Segundo a Teoria da Relatividade Geral, as ondas gravitacionais são “vibrações no tecido do universo”, ondulações à velocidade da luz no espaço-tempo, provocadas por interações entre corpos com massa. A forma mais famosa de representar o fenômeno é lembrar das ondulações provocadas por uma pedra ao ser atirada em uma lagoa de águas calmas – no caso do universo, as vibrações ocorreriam devido a acelerações nos movimentos dos corpos celestes.

Partitura do espaço-tempo

O problema até aqui era a dificuldade de perceber o efeito das ondas, uma vez que a gravidade é a mais fraca das forças fundamentais, cerca de 1040 vezes mais fraca do que a força elétrica, por exemplo. Segundo estimativas, as ondas gravitacionais chegariam à Terra dez mil vezes menores que um próton. Por isso, só fenômenos muito poderosos e velozes, como explosões de estrelas ou fusões de buracos negros, poderiam ser captados. “As ondas estão associadas a quaisquer eventos com deslocamento de massa. A Terra girando em torno do Sol, por exemplo, produz essa energia, mas ela é imperceptível”, explica o físico Adilson de Oliveira, professor da Universidade Federal de São Carlos e autor da coluna Física sem Mistério. “Nosso nível de detecção só consegue perceber as ondas gravitacionais em grandes eventos”, diz.

É aí que entra o fator sorte: pouco tempo após uma reforma no LIGO, sistema composto por dois interferômetros construídos nos Estados Unidos especificamente para captar ondas gravitacionais, os pesquisadores acreditam ter encontrado distorções no espaço-tempo causadas pela fusão de dois buracos negros gigantescos. “Eles não apenas detectaram as ondas, mas sabem quais são os objetos envolvidos no fenômeno”, destaca Oliveira.

As ondas detectadas pelos cientistas viajaram mais de um bilhão de anos no vácuo do espaço. Uma vez percebidas, foram analisadas por centenas de cientistas que identificaram padrões de oscilação próprios da fusão entre buracos negros. “É uma espécie de engenharia reversa. Por meio das ondas, os cientistas conseguiram identificar a massa dos dois objetos e do terceiro, formado a partir da fusão entre eles”, detalha Nemmen, que faz uma analogia com a música para explicar o processo: “As ondas gravitacionais são uma espécie de partitura do espaço-tempo, permitem a compreensão sobre os instrumentos envolvidos na sinfonia”, compara.

Nobel a caminho?

Para Oliveira, a possibilidade de analisar as ondas gravitacionais traz inúmeras alternativas de pesquisa, como ocorreu com a descoberta dos raios-x ou do radiotelescópio. “Assim como o Bóson [de Higgs] tinha que existir para que a física que conhecemos fosse verdadeira, as ondas precisavam estar lá, ou a teoria de Einstein estaria errada. Agora, poderemos pesquisar um outro universo de fenômenos astronômicos”, explica.

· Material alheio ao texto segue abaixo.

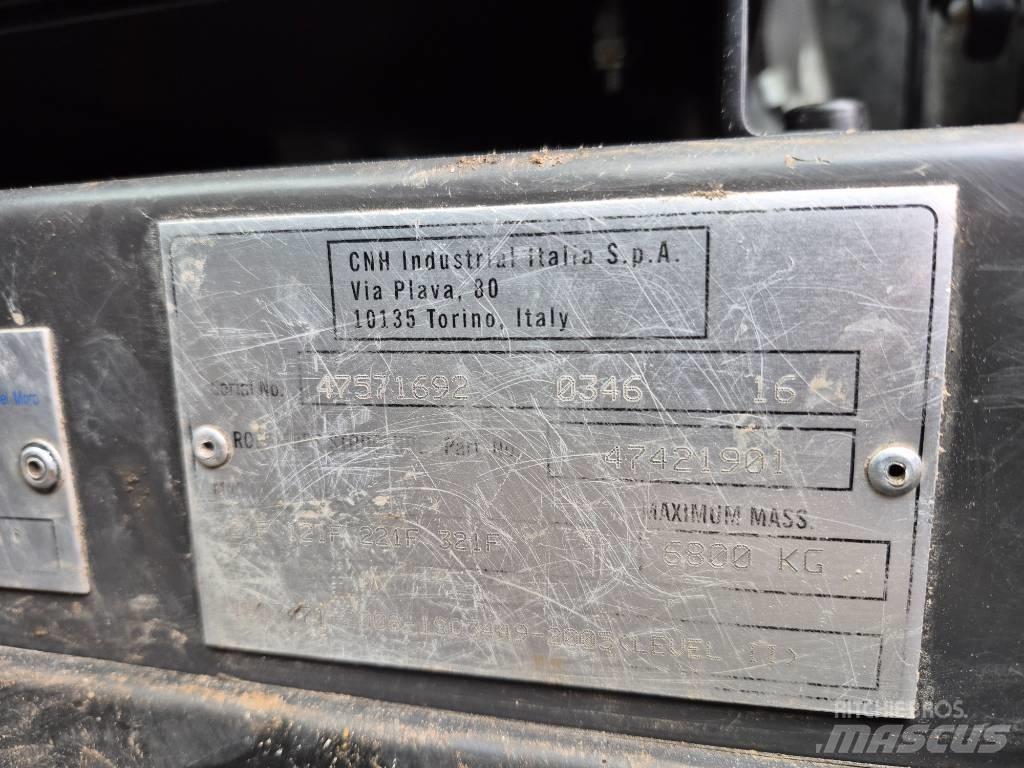 CASE 321 F Incarcator pe pneuri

Especula-se que será possível, por exemplo, começar a desvendar as propriedades do graviton, sobre o qual só existem previsões teóricas até o momento. Assim como o fóton é a partícula da força eletromagnética, essa partícula sem massa estaria por trás das ondas gravitacionais. “Outra possibilidade que me deixa empolgado é a de entender o comportamento da gravidade quando a curvatura do espaço é muito violenta, como nas proximidades de um buraco negro. Até hoje, não tínhamos informações sobre isso, mas as ondas vão nos trazer uma ‘assinatura’ do fenômeno”, aposta Nemmen.

A importância do feito é tamanha que os dois especialistas ouvidos pela CH Online acreditam que os responsáveis pelo projeto LIGO ganharão o prêmio Nobel de Física nos próximos anos. “A partir de agora, vamos testar detalhadamente as previsões de Einstein sobre buracos negros. Finalmente vamos fechar a enciclopédia da gravidade, isso é o mais incrível”, vibra Nemmen.